> [Assignment] Take the entries that follow and return only the lines from the one with "Picture 10 of 11" through the final line, leaving every picture behind.

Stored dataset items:
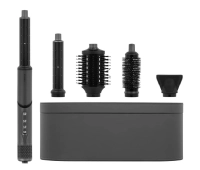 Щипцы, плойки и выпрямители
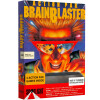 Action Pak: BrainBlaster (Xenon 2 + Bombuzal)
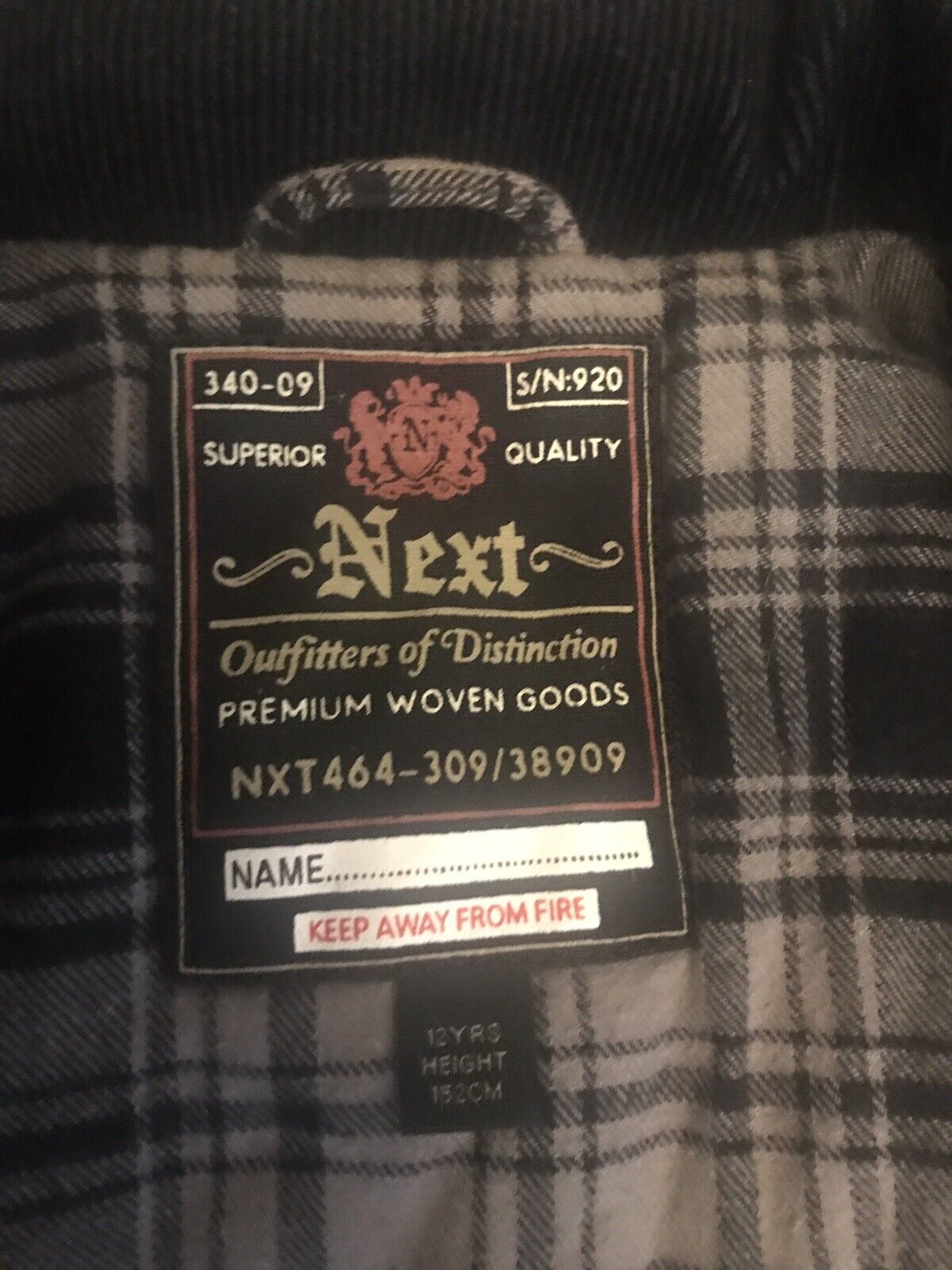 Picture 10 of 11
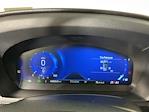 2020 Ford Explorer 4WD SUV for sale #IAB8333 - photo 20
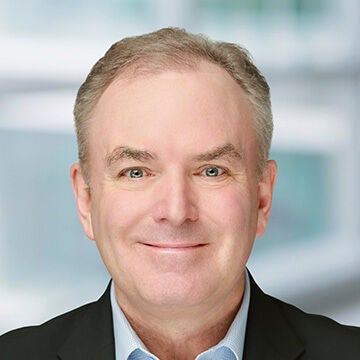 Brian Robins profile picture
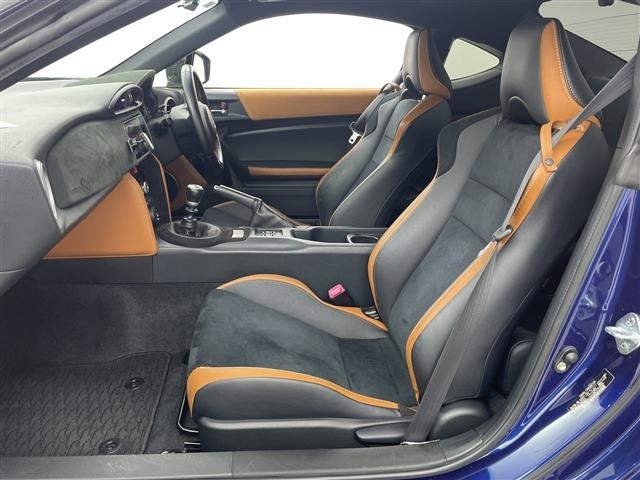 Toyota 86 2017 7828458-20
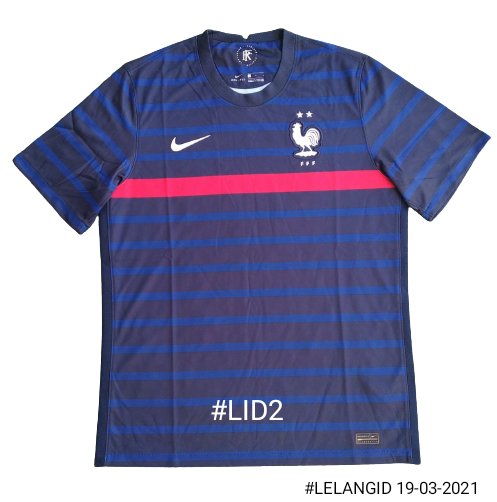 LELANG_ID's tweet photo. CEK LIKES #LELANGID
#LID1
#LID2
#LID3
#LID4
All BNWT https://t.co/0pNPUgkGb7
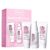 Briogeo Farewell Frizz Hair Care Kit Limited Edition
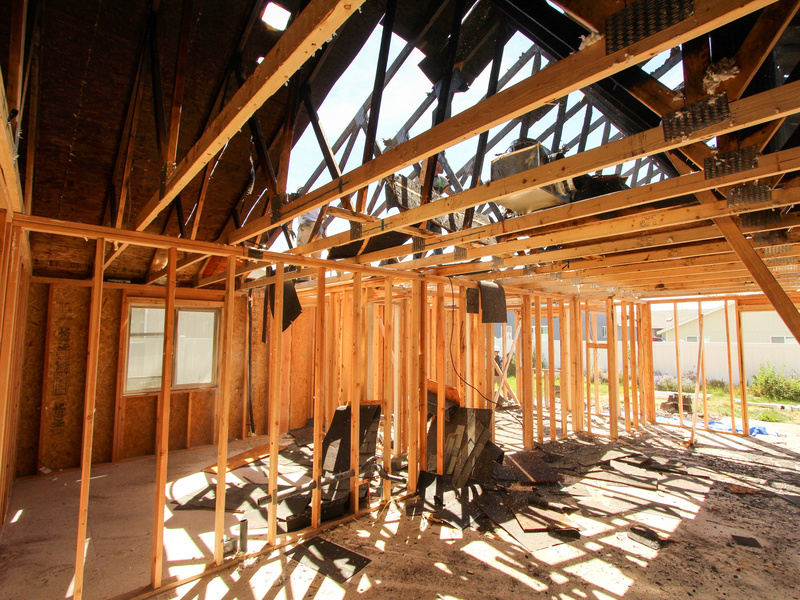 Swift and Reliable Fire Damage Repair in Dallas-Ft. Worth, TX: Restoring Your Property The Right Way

> [Answer area]
 Picture 10 of 11
 2020 Ford Explorer 4WD SUV for sale #IAB8333 - photo 20
 Brian Robins profile picture
 Toyota 86 2017 7828458-20
 LELANG_ID's tweet photo. CEK LIKES #LELANGID
#LID1
#LID2
#LID3
#LID4
All BNWT https://t.co/0pNPUgkGb7
 Briogeo Farewell Frizz Hair Care Kit Limited Edition
 Swift and Reliable Fire Damage Repair in Dallas-Ft. Worth, TX: Restoring Your Property The Right Way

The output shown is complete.